During Cleveland’s one term as New York’s governor, he earned a reputation for opposing excessive spending and fighting corruption. He also found an ally in the State Assembly in Theodore Roosevelt.
Though a Democrat, Cleveland was often at odds with the New York City Democratic Tammany Hall crowd.
Boss John Kelly had opposed Cleveland's nomination as governor, and the dislike grew after Cleveland stopped Tammany Hall nominees and legislation passed as a result of their dealmaking.
Theodore Roosevelt and reform Republicans allied with Cleveland to pass several laws aimed at reforming municipal governments.
Cleveland’s anti-corruption image as governor of New York helped him nail down his election as president in 1884 over the Republicans’ scandal-plagued candidate, James Blaine.
Poor health plagued his administration
Higgins was born in Rushford, Allegany County, but he is closely associated with Olean, where his father owned a chain of grocery stores.
Higgins entered politics as a Republican with election to the State Senate in 1894.
His political star rose quickly, as he was elected lieutenant governor in 1902 and then governor in 1904.
But Higgins was in poor health for most of his administration, and he died just six weeks after leaving office.

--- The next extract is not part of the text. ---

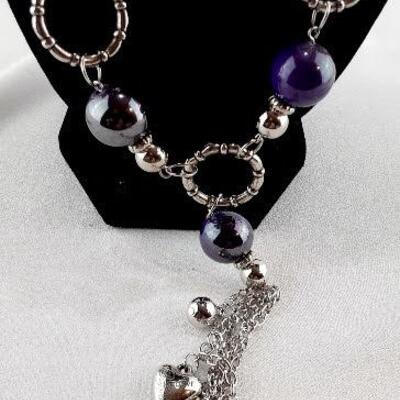 Silvertone Purple Bead Chain Necklace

“His health was not robust when he was nominated for Governor in 1904, and it is but chronicling the truth to say that the campaign taxed him greatly,” the New York Times reported in his obituary. “Following his election, he was able to rest up, and for a time he felt better than in months. On assuming office, however, the cares of the Governorship wore on him and each month increased the pressure."
Buffalo native Eugene Speicher painted his official portrait as governor.
He was an 86-day fill-in
Oct. 6, 1910 - Dec. 31, 1910.
Horace White is worth mentioning because he was governor of New York and because he was born in Buffalo.
But he was governor for just 86 days, rising from lieutenant governor to the top office when Charles Evans Hughes left to take a seat on the United States Supreme Court.
And though he was born in Buffalo, he called Syracuse his home.